Socialists from many organizations took jobs in NYC transit in the 1980s. A new paper examines: What were the strategies that guided them? What did they accomplish? What caused the collapse of their union reform project? What are lessons for today?

Steve Downs, Tim Schermerhorn and Corine Scott-Mack, of the New Directions caucus in TWU Local 100.,

Much as their counterparts did in the 1930s and 1940s, a few thousand socialists in the late 1960s and ’70s, from a few dozen socialist groups, got working-class jobs in order to organize workers to oppose capitalism, to build their socialist organizations, to connect anti-racist struggles in the community to rebellions in the workplace, and to build a socialist base in the working class.[1] As part of that process, regardless of which group or tendency they belonged to, they had to make a number of critical decisions, starting with — where to work.

They also had to arrive at an overarching strategy for their work in factories, mines, railroads, driving trucks, offices, etc.
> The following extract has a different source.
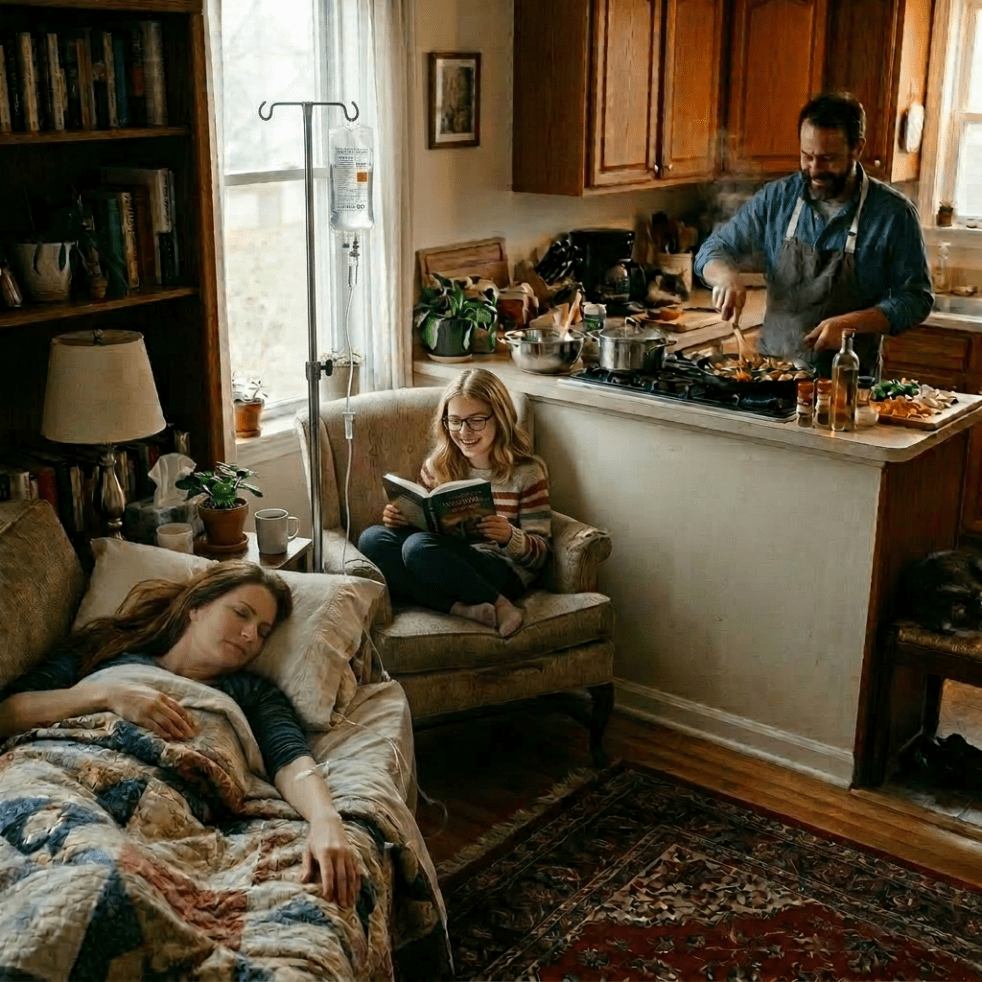 Woman receiving IV therapy resting on a couch, child reading nearby, man cooking in kitchen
They had to decide whether to concentrate on work among workers who were already in unions or those not yet unionized. What should their relationship to union officials be? And what about their political work, how would they bring issues from outside the job or union into their time on the job? If they were in unions, should they run for office? Should they seek to build politically broad organizations on the job or focus on building a group in line with the politics of their own socialist group? What attitude should they take toward traditional electoral activity and most unions’ support for the Democratic Party? As you would expect, different groups answered these questions differently.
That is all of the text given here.